Falando então no trabalho da Funai, como está o apoio dos parceiros?
Fiquei triste quando liguei para outros órgãos não-governamentais, que são colaboradores, que falaram que estão de férias. É hora deles se reconectarem, ligar-se com a situação de Marãiwatsédé e não falar que está de férias e que vai voltar no mês de fevereiro. Se é assim, melhor se desligar de uma vez, e não ir atrás quando voltar ao seu trabalho. Isso não é parceria, vamos dizer assim. Quem está ligado hoje só a Funai de Ribeirão Cascalheiras. Eu senti na pele [como está a situação e estava] contando com eles, mas não houve correspondência. Coloquei a situação para eles, e eles não estavam respondendo à situação do xavante em Marãiwatsédé.
Notas:
[1] A Aldeia Marãiwatsédé é atendida pela Coordenação Regional da Funai em Ribeirão Cascalheiras/MT, cidade localizada a cerca de 150 km sul da Terra Indígena Marãiwatsédé.
[2] A vila do Posto da Mata, localizada dentro da Terra Indígena Marãiwatsédé e onde vive a maioria das famílias não-indígenas que estão sendo retiradas, tem sido o ponto central de resistência dos chamados posseiros.
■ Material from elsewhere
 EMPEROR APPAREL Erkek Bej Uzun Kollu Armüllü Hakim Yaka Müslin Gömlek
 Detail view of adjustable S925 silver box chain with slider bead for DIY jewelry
No Posto da Mata, há uma intersecção de estradas: BR-158 que vai à norte em direção à Vila Rica (230km), e BR-242 à leste vai para Alto Boa Vista (30km) e São Félix do Araguaia (120km).
[3] Bom Jesus do Araguaia/MT é a cidade mais próxima da aldeia, a cerca de 25km e que tem uma relação amistosa com os indígenas de Marãiwatsédé, em comparação com outros municípios da região.
[4] No dia 28/12/12, um caminhão da FUNASA-SESAI, órgão federal responsável pela saúde indígena, que transportava cestas básicas para uma aldeia foi saqueado e queimado no Posto da Mata. Como o caminhão estava indo em direção oposta à aldeia xavante de Marãiwatsédé, acredita-se que estivesse indo em direção a aldeias das etnias Karajá (nas margens do Rio Araguaia) ou Tapirapé (na região de Confresa/MT e Santa Terezinha/MT).